I. Closure under Addition

For any \((x,y), (p,q) \in V\), the sum is \((x+p+1, y+q+1)\). Since these are real numbers, the result is in \(V\). ✔ Holds

II. Commutativity

\[ (x, y) + (p, q) = (x + p + 1, y + q + 1) = (p, q) + (x, y) \] ✔ Holds

III. Associativity

Checking \(((u+v)+w)\) vs \((u+(v+w))\): Both result in \((x+p+r+2, y+q+s+2)\). ✔ Holds

IV. Additive Identity

Setting \((x+a+1, y+b+1) = (x, y)\) gives the identity \((-1, -1)\). ✔ Holds

V. Additive Inverse

For any \((x,y)\), the inverse is \((-x-2, -y-2)\). ✔ Holds

VI. Closure under Scalar Multiplication

\(k(x, y) = (kx, ky)\) is always a pair of real numbers. ✔ Holds

VII. Distributivity (Vector Addition)

\(k((x, y) + (p, q)) = (kx + kp + k, ky + kq + k)\)
\(k(x, y) + k(p, q) = (kx + kp + 1, ky + kq + 1)\)
✘ Fails: The terms \(k\) and \(1\) are not equal for all \(k\).
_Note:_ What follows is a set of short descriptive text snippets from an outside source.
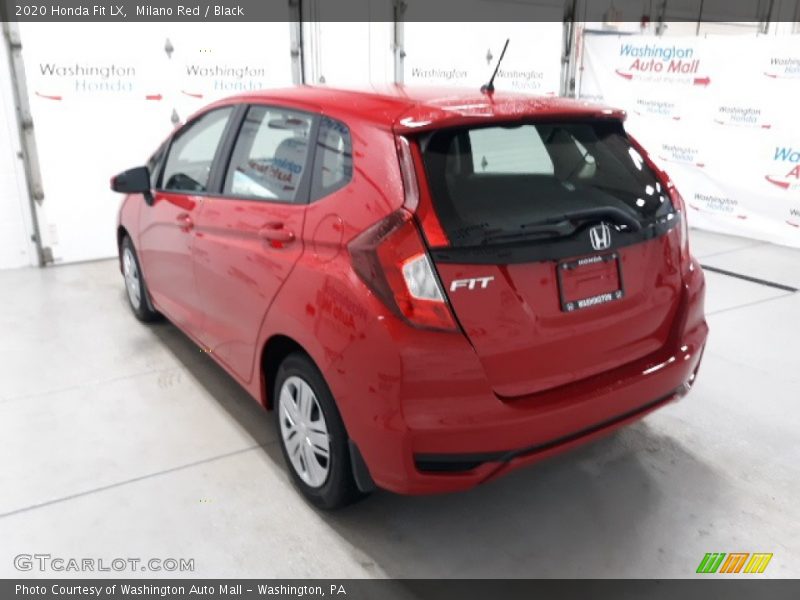 Milano Red / Black 2020 Honda Fit LX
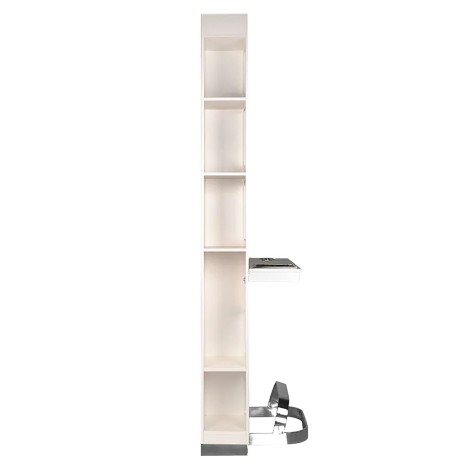 Console de coiffure Gabbiano b058 perle — vue latérale
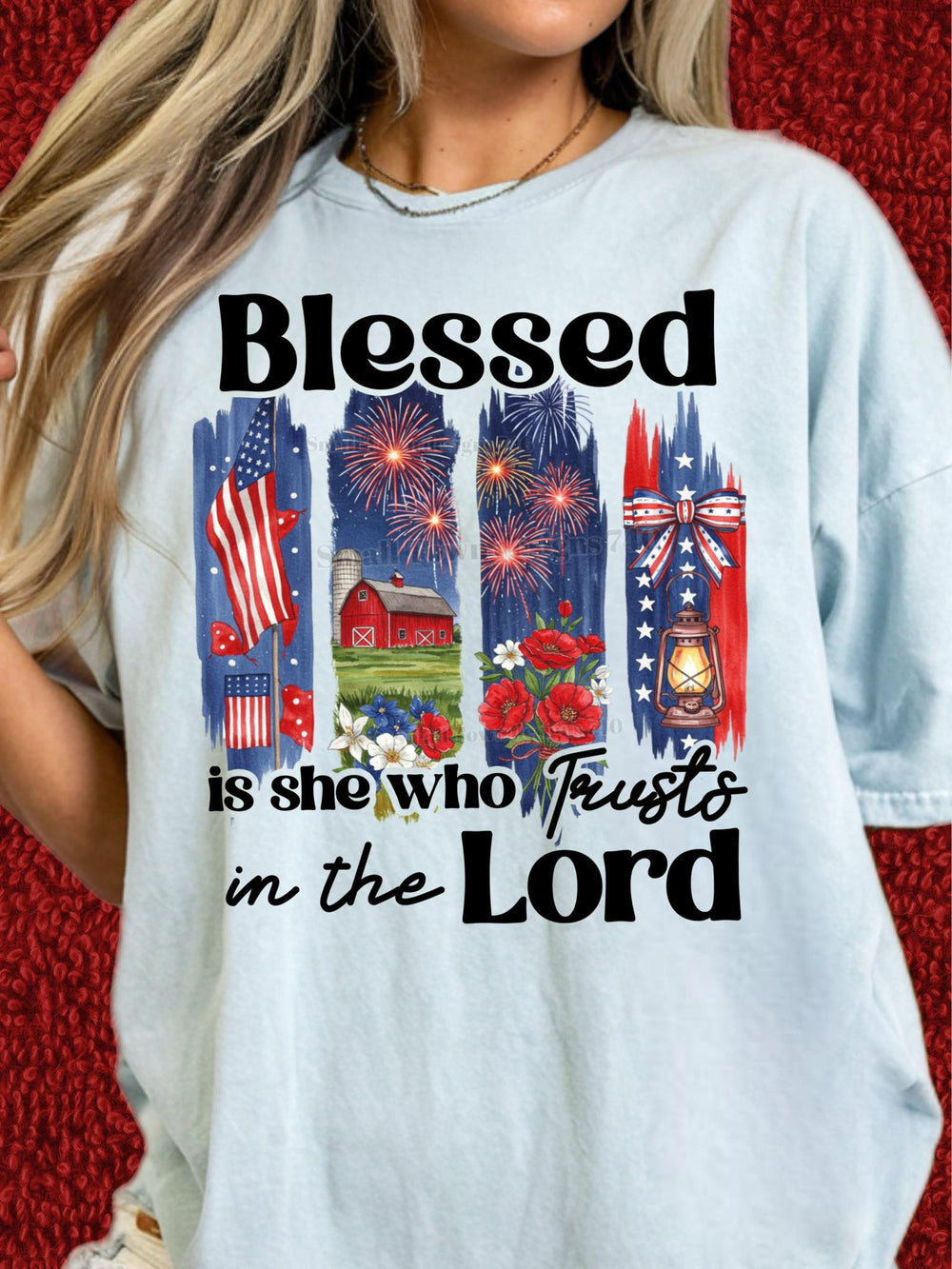 Blessed Is She DTF transfer design – image 1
VIII. Distributivity (Scalar Addition)

\((k + \ell)(x, y) = ((k+\ell)x, (k+\ell)y)\)
\(k(x, y) + \ell(x, y) = (kx + \ell x + 1, ky + \ell y + 1)\)
✘ Fails: The results differ by the constant \(1\).

Conclusion: Since the distributive laws fail to hold, the set \(V\) with the defined operations is NOT a vector space.